───── RECORDS SHOWN ─────
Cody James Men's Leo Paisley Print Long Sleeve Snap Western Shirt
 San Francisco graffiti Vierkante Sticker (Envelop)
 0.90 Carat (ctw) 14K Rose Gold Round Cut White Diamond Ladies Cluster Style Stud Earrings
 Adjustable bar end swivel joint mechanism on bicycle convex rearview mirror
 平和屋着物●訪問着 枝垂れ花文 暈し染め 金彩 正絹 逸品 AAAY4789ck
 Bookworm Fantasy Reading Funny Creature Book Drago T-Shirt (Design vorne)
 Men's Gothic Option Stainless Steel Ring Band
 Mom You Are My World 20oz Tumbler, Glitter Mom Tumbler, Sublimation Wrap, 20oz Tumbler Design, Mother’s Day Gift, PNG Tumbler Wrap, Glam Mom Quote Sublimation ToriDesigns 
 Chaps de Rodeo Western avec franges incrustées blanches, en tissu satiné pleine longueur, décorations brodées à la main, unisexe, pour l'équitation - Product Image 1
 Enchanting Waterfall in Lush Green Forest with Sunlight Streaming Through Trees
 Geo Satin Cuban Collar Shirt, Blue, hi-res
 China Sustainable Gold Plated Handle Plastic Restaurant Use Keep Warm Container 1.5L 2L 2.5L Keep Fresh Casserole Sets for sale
─────
## EXERCISE INSTRUCTIONS
Copy only this part of the entries above: the line with "0.90 Carat (ctw)", the line with "Chaps de Rodeo", and the lines between, all exactly as written.

## FINISHED EXERCISE
 0.90 Carat (ctw) 14K Rose Gold Round Cut White Diamond Ladies Cluster Style Stud Earrings
 Adjustable bar end swivel joint mechanism on bicycle convex rearview mirror
 平和屋着物●訪問着 枝垂れ花文 暈し染め 金彩 正絹 逸品 AAAY4789ck
 Bookworm Fantasy Reading Funny Creature Book Drago T-Shirt (Design vorne)
 Men's Gothic Option Stainless Steel Ring Band
 Mom You Are My World 20oz Tumbler, Glitter Mom Tumbler, Sublimation Wrap, 20oz Tumbler Design, Mother’s Day Gift, PNG Tumbler Wrap, Glam Mom Quote Sublimation ToriDesigns 
 Chaps de Rodeo Western avec franges incrustées blanches, en tissu satiné pleine longueur, décorations brodées à la main, unisexe, pour l'équitation - Product Image 1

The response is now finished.